Cells from different parts of adult human lung tissue can also be used for 3D culture. Primary cells can be isolated and cultured directly in extracellular matrix (ECM) (Rock et al. 2009; Tata et al. 2013). The methodology for basal cell-derived organoid generation is a two-stage approach, in which cells are maintained under 2D culture condition for a period of time to elevate basal cell ratio before transferring to 3D. Genetic manipulation, which are used to select and clone specific mutants, can readily be performed at the 2D stage. Isolated single-cell suspensions are then seeded into 3D culture in vitro, with or without feeder cells (Barkauskas et al. 2017). Human Basal cells make up ∼30% of the pseudostratified mucociliary epithelium, lining most of the conducting airways of the human lung and the trachea. Basal cell-derived organoids have been used for high- and medium-throughput screens (Tadokoro et al. 2014). Organoids from human basal cells have been used to screen for cytokines and other proteins that affect the ratio of ciliated and secretory cells, and therefore might be potential therapeutic agents for disorders in which the balance is disrupted (Whitsett and Alenghat 2015). The club cell is generally known as the second stem cell in the airway epithelium, retaining potentials of regeneration and differentiation depending on their location on the tracheal–bronchial axis (Rawlins et al. 2009). Attempts to use club cells to generate bronchioalveolar spheroids rely exclusively on co-culturing with underlying stromal populations. Currently isolated club cells could not form into spheres, unless when co-cultured with other cell types such as endothelial cells or fibroblasts population (Teisanu et al. 2011). Human AT2s can be specifically isolated using HTII280 antibody to identify HTII280+ cells in both normal and diseased lung tissues (Gonzalez et al. 2010). Isolated AT2 cells can be adopted to generate alveolospheres through co-culturing with some necessary feeder cells (McQualter et al. 2010). Either AEC2-dervied alveolospheres or club cell-derived bronchioalveolar spheroids rely on feeder cells during their generation process with existed protocols, which implies the pressing need for a more advanced practicable culture system.

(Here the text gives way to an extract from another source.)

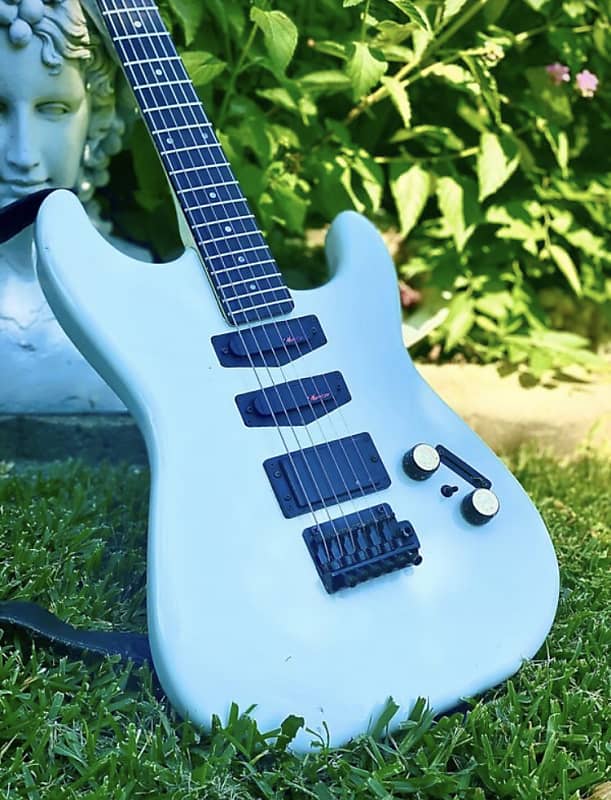 Morris Hurricane Susie 80s White Vintage Japan Rare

Katsura et al. recently reported a feeder-free, long-term and chemically-defined modular culture system to generate alveolosphere from human lung tissue primary AT2 cells. Alveolosphere generated using this method could be infected with SARS-CoV-2, which led to the loss of surfactant protein secreting ability, cell apoptosis and the production of inflammatory responses mediated by Type I (IFN-I) and Type III (IFN-III) interferons within organoids. In this study, they also found that to pretreat alveolosphere with low dose IFNs could reduce viral replication (Katsura et al. 2020). Salahudeen et al. developed two types of human distal lung organoids: AT2 organoids derived clonally from adult human single AT2 cells which exhibits AT1 trans-differentiation potential, and basal cell organoids derived from KRT5+ basal cells which maintain lumens lined by club and ciliated cells. Using the established pulmonary organoid culture system, they discovered the SCGB1A1+ club cell as a novel SARS-CoV-2 target in distal lung (Salahudeen et al. 2020).

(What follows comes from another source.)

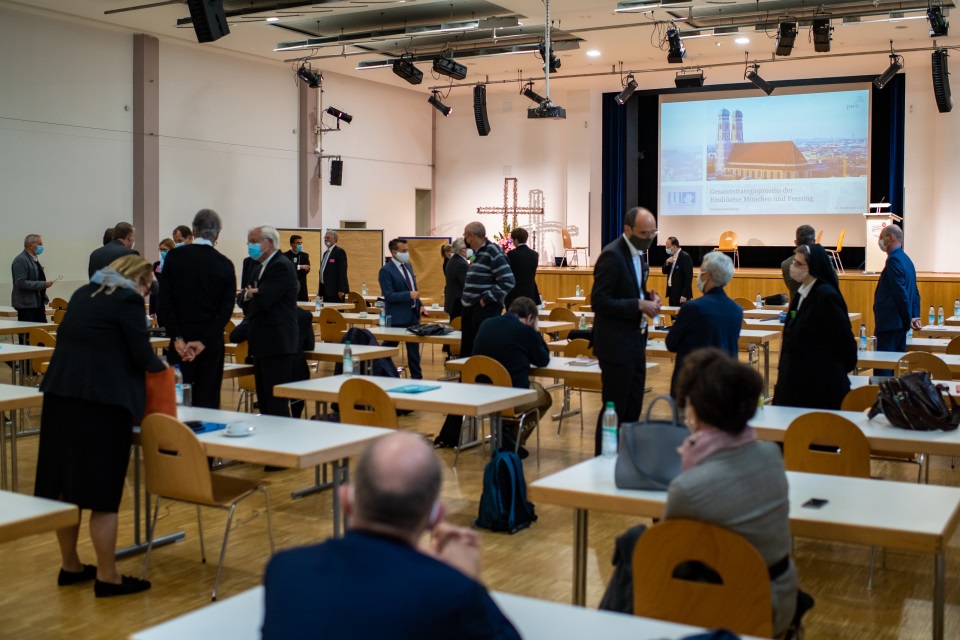 Gruppenbild Teilnehmende der Auftaktveranstaltung zum Strategieprozess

In the work by Han et al., a high-throughput drug screen performed using hPSCs-derived lung organoid identified imatinib, mycophenolic acid and QNHC as inhibitors of SARS-CoV-2 for significantly reducing viral RNA replication and weakening SARS-CoV-2 infection (Han et al. 2021; Pei et al. 2020). Huang et al. developed hPSC-derived AT2 organoid and 2D air–liquid interface (ALI) lung cultures using the technique of directed differentiation, and then stimulated the initial apical infection of alveolar epithelium with SARS-CoV-2. Drug screening using this model has also been described (Table 1) (Huang et al. 2020b). Tiwari et al. revealed a tissue-specific SARS-CoV-2 infection and host responses using PSC-Derived lung organoids, and identified camostat and EK1 peptides as effective inhibitors for COVID-19 (Tiwari et al. 2021). Using PSC-derived human alveolar organoids, Wang et al. discovered that Cholesterol 25-Hydroxylase could inhibit SARS-CoV-2, as well as other coronaviruses, by depleting membrane cholesterol (Wang et al. 2020b). Samuel et al. built a SARS-CoV-2 infection model with hESC-derived human lung organoids to investigate the infection mechanism, implying the crucial role of androgen signaling in regulating SARS-CoV-2 receptor Levels (Samuel et al. 2020).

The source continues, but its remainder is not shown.